Set down exactly the lines below, starting at the one that contains "Vintage 1970s Park" and ending at the one that contains "Double Flower Infinity", with both of those lines included and nothing else.

[Scraped caption text data]
---+---
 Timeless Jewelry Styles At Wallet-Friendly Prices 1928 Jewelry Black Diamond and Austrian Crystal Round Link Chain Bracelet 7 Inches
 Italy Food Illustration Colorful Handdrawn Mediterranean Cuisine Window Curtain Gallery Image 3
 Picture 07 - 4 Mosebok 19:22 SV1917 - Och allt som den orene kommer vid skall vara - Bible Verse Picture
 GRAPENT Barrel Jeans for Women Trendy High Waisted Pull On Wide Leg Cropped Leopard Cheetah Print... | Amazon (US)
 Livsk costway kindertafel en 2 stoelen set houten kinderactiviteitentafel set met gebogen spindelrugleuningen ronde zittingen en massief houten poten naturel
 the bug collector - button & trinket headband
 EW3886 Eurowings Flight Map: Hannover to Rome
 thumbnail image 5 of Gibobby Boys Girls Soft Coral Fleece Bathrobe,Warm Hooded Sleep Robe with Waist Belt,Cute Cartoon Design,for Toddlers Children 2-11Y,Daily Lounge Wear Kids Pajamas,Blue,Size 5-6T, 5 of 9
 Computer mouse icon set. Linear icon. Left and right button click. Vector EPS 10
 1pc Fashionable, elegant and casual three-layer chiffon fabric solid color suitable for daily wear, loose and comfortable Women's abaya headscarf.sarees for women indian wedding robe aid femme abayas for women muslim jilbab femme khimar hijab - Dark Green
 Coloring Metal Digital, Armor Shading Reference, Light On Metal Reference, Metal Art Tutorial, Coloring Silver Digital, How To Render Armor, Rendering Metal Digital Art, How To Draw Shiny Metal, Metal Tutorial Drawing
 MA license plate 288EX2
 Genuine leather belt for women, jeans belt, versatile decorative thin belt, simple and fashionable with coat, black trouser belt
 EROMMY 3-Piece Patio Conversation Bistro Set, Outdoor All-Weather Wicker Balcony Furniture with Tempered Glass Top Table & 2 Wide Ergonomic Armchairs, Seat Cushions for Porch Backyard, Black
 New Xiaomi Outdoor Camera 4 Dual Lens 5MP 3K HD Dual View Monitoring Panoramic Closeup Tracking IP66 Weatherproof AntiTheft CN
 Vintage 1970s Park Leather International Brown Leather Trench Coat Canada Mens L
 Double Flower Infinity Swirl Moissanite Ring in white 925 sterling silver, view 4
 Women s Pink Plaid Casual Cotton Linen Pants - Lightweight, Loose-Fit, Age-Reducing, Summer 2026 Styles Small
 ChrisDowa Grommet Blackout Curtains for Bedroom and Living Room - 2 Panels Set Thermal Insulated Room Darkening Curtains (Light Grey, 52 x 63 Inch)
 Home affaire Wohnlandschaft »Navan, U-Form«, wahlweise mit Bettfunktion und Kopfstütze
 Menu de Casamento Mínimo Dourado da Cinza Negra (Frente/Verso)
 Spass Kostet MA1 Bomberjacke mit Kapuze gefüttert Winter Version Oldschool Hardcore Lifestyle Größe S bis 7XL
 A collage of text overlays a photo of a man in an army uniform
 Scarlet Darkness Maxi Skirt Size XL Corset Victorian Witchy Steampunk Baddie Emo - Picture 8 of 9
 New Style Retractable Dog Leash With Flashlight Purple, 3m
---+---
▸ Exercise result
 Vintage 1970s Park Leather International Brown Leather Trench Coat Canada Mens L
 Double Flower Infinity Swirl Moissanite Ring in white 925 sterling silver, view 4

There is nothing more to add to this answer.